Work request. The range to repeat runs from the line with "6035 Mesa Los Angeles, CA 90042" to the last line below, both ends included; give it exactly and without pictures.

'''

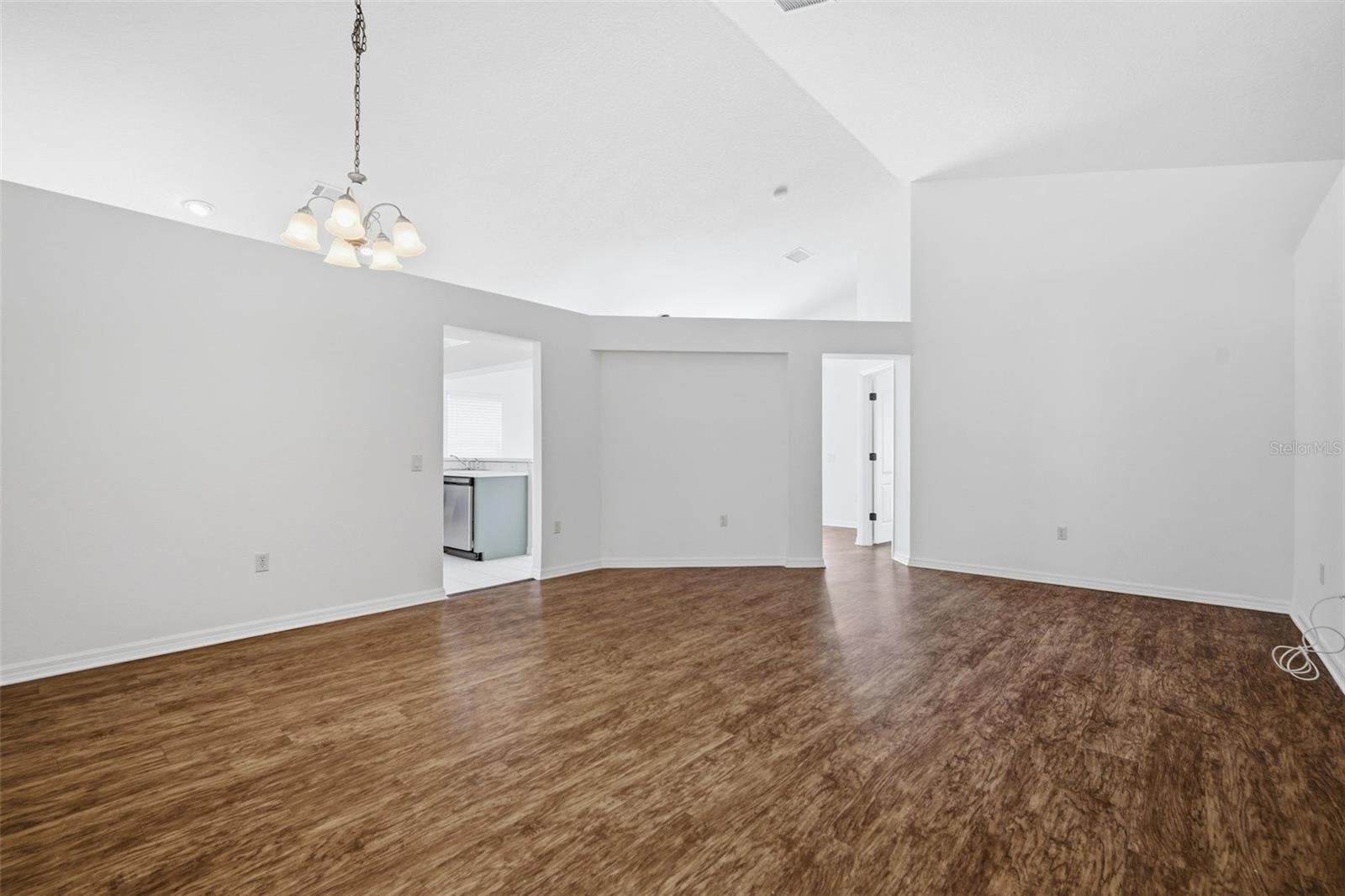Image 14 of 47 For 12501 Lake Vista Drive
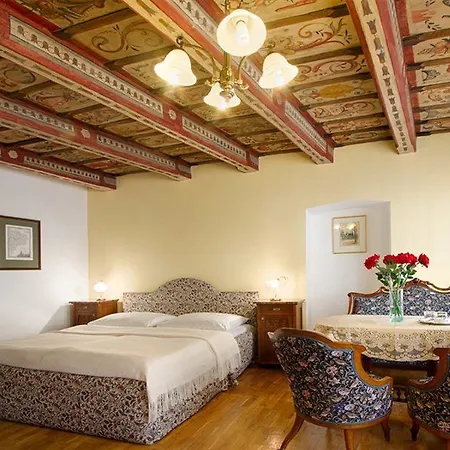 Red Lion 4*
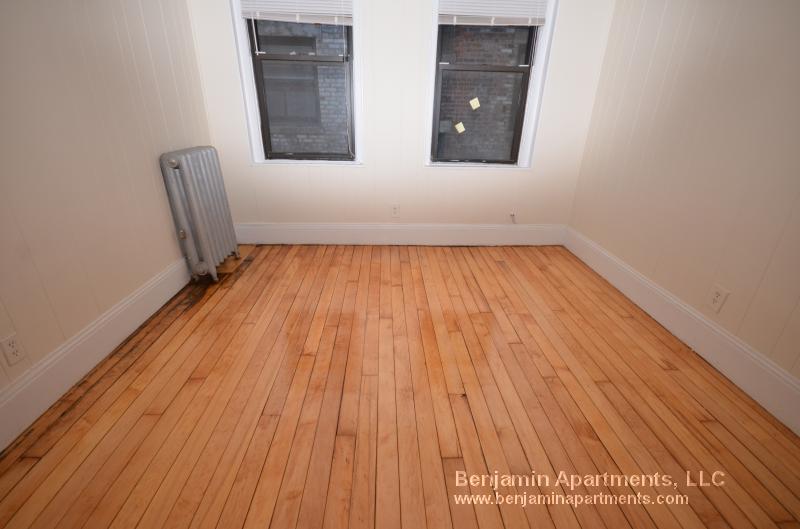 437 Cambridge St, Allston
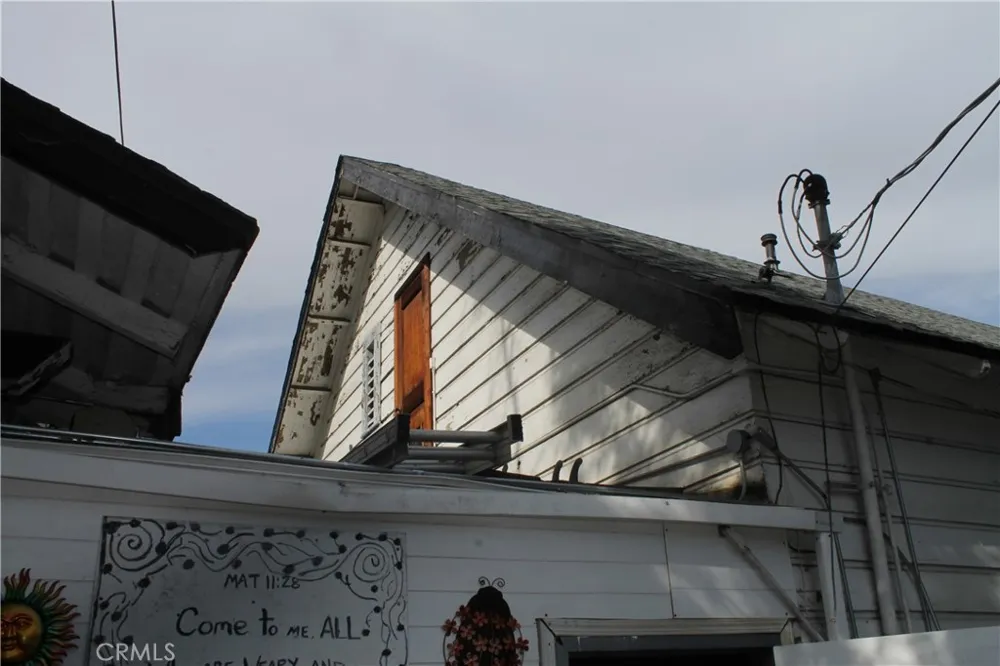 6035 Mesa Los Angeles, CA 90042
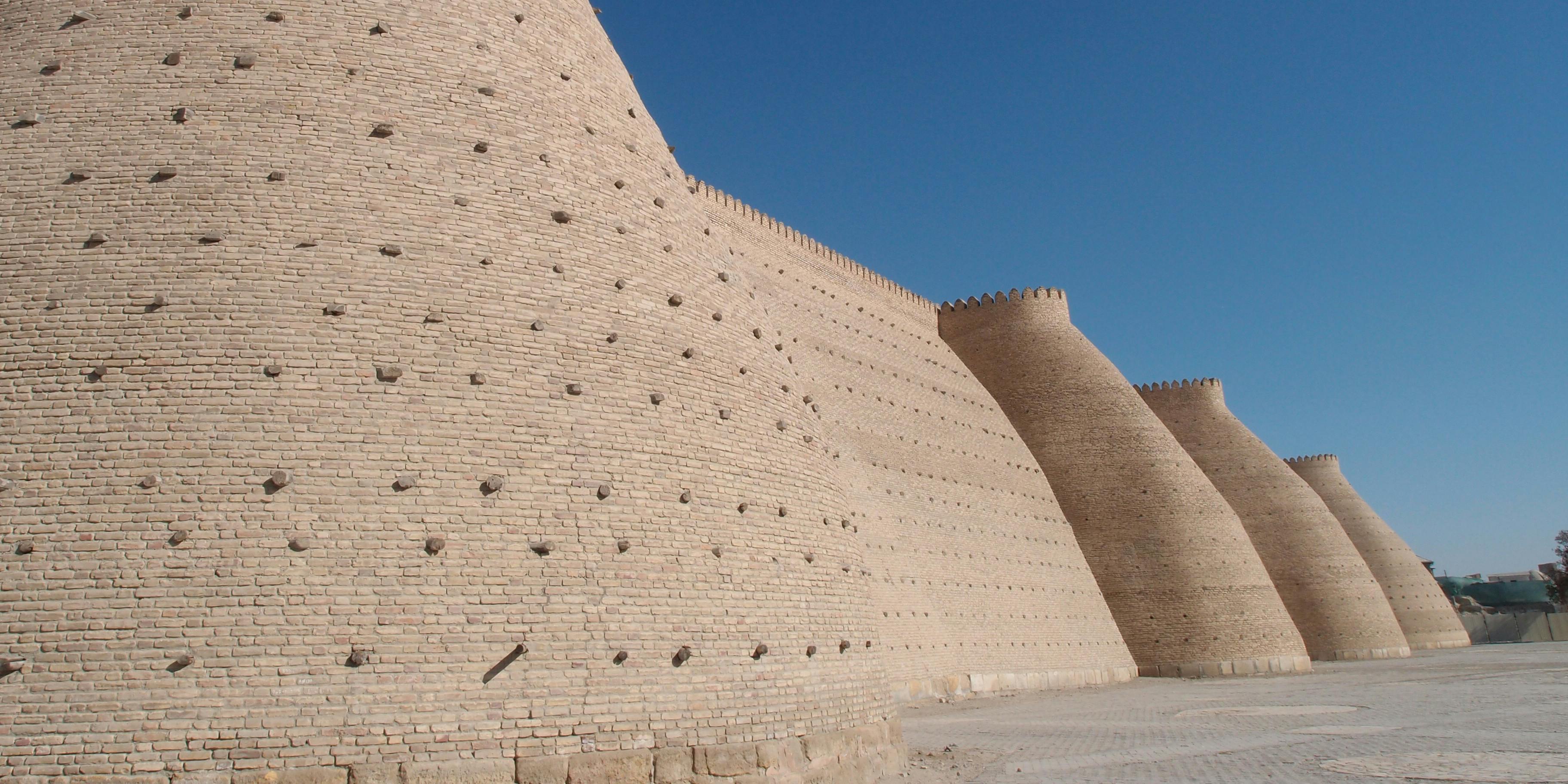 https://imgix.femina.dk/madogbolig/bukhara_fort_lise_kloch.jpg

'''

Solved problem.
 6035 Mesa Los Angeles, CA 90042
 https://imgix.femina.dk/madogbolig/bukhara_fort_lise_kloch.jpg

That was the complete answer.